__Stored dataset items__
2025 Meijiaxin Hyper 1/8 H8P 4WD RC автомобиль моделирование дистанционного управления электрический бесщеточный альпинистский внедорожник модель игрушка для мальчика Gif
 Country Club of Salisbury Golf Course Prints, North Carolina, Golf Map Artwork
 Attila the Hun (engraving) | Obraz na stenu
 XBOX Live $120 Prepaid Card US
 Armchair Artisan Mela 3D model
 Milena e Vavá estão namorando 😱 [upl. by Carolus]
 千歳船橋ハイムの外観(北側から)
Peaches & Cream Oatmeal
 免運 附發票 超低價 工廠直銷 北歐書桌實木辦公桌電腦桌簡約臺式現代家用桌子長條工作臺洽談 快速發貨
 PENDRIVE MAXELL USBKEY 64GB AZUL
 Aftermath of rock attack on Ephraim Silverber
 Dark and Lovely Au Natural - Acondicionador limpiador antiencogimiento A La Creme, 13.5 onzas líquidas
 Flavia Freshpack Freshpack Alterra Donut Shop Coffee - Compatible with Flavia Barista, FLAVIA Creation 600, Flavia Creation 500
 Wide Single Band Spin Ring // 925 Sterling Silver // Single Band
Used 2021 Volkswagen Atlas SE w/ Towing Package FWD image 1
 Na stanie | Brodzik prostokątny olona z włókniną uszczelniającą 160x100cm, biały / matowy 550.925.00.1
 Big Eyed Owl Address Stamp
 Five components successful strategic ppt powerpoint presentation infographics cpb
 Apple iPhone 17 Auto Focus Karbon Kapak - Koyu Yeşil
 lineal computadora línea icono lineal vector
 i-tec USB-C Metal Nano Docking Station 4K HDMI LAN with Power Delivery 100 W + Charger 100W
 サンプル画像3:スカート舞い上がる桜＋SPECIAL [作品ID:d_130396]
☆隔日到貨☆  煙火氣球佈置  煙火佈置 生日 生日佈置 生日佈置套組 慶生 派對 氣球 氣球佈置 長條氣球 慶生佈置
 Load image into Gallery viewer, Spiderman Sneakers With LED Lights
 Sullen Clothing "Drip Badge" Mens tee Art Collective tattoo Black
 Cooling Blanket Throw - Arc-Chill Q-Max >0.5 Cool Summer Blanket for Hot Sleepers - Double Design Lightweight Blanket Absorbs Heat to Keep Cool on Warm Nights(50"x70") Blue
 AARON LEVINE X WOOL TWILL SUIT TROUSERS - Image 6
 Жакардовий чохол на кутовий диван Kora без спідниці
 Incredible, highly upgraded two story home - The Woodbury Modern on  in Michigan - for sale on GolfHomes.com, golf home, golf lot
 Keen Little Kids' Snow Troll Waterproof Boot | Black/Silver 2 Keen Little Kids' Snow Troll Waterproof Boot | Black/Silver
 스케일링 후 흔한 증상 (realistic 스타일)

__Work request__
Could you restate word for word the lines above from the one containing "XBOX Live $120 Prepaid Card US" through the one containing "Flavia Freshpack Freshpack", both included, and nothing else?

__Expected answer__
 XBOX Live $120 Prepaid Card US
 Armchair Artisan Mela 3D model
 Milena e Vavá estão namorando 😱 [upl. by Carolus]
 千歳船橋ハイムの外観(北側から)
Peaches & Cream Oatmeal
 免運 附發票 超低價 工廠直銷 北歐書桌實木辦公桌電腦桌簡約臺式現代家用桌子長條工作臺洽談 快速發貨
 PENDRIVE MAXELL USBKEY 64GB AZUL
 Aftermath of rock attack on Ephraim Silverber
 Dark and Lovely Au Natural - Acondicionador limpiador antiencogimiento A La Creme, 13.5 onzas líquidas
 Flavia Freshpack Freshpack Alterra Donut Shop Coffee - Compatible with Flavia Barista, FLAVIA Creation 600, Flavia Creation 500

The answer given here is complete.